By the way, if you didn't notice, the point of interactive rebase is that it gives you the power to rewrite history. Interactive rebase essentially allows you to pretend to modify the commit tree, fixing typos in commits or getting rid of useless ones.
Runtime: Should be no different than rebase along any significant measure.
Failure cases: Same as rebase.
Dangerous?: Yes.
Differences from the real git: This command is inspired by the -i flag for git's rebase, i.e. git rebase -i [branch name]. Git's interactive rebase is much more fully featured than gitlet's!

D. Miscellaneous Things to Know about the Project

Phew! That was a lot of commands to go over just now. But don't worry, not all commands are created equal. Many are just minor bookkeeping command and will only take about a line of code. Merge and rebase are lengthier commands than the others, so don't leave them for the last minute!

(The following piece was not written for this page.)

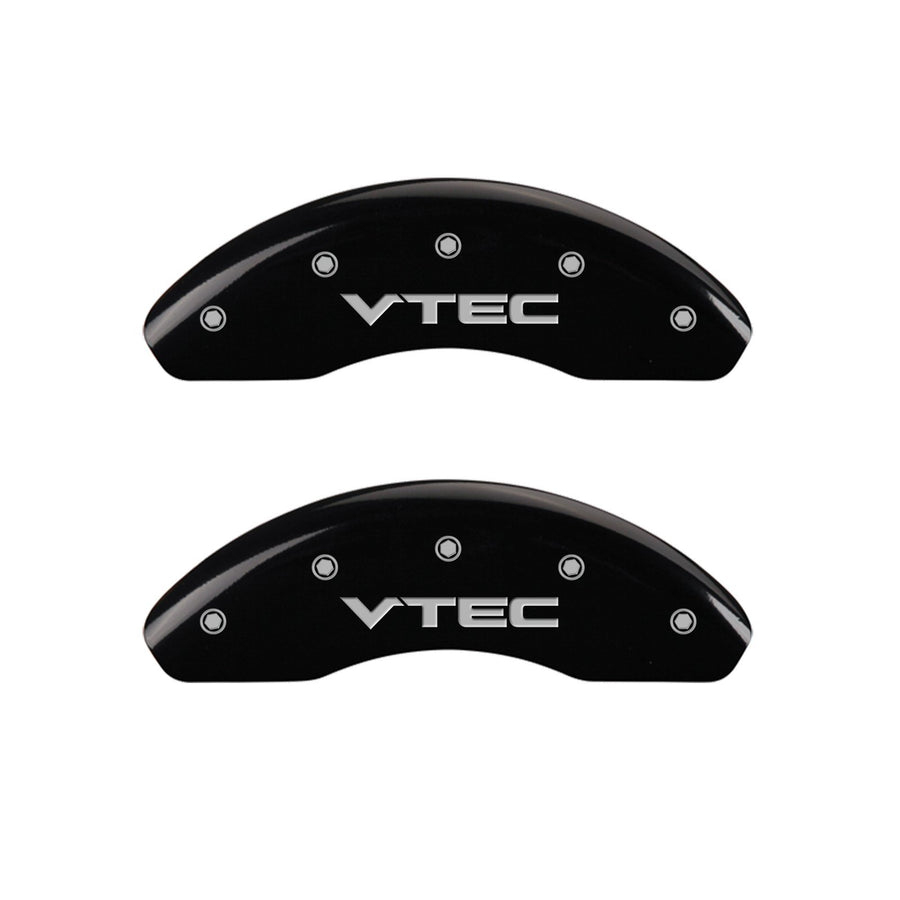 MGP Caliper Covers Front and Rear 20002SVTCBK Black Powder Coat Finish, Set of 4 (Vtech Silver Characters, Engraved)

Anyway, by now this spec has given you enough information to get working on the project. But to help you out some more, there are a couple of things you should be aware of:

This project requires reading and writing of files. In order to do these operations, you’ll probably want to look into the class java.io.File. Actually, you may find various things in the java.io and java.nio packages helpful. Feel free to explore other stuff in the Java standard library. If you do a little digging through it, you might find a couple of methods that will make the io portion of this project much easier!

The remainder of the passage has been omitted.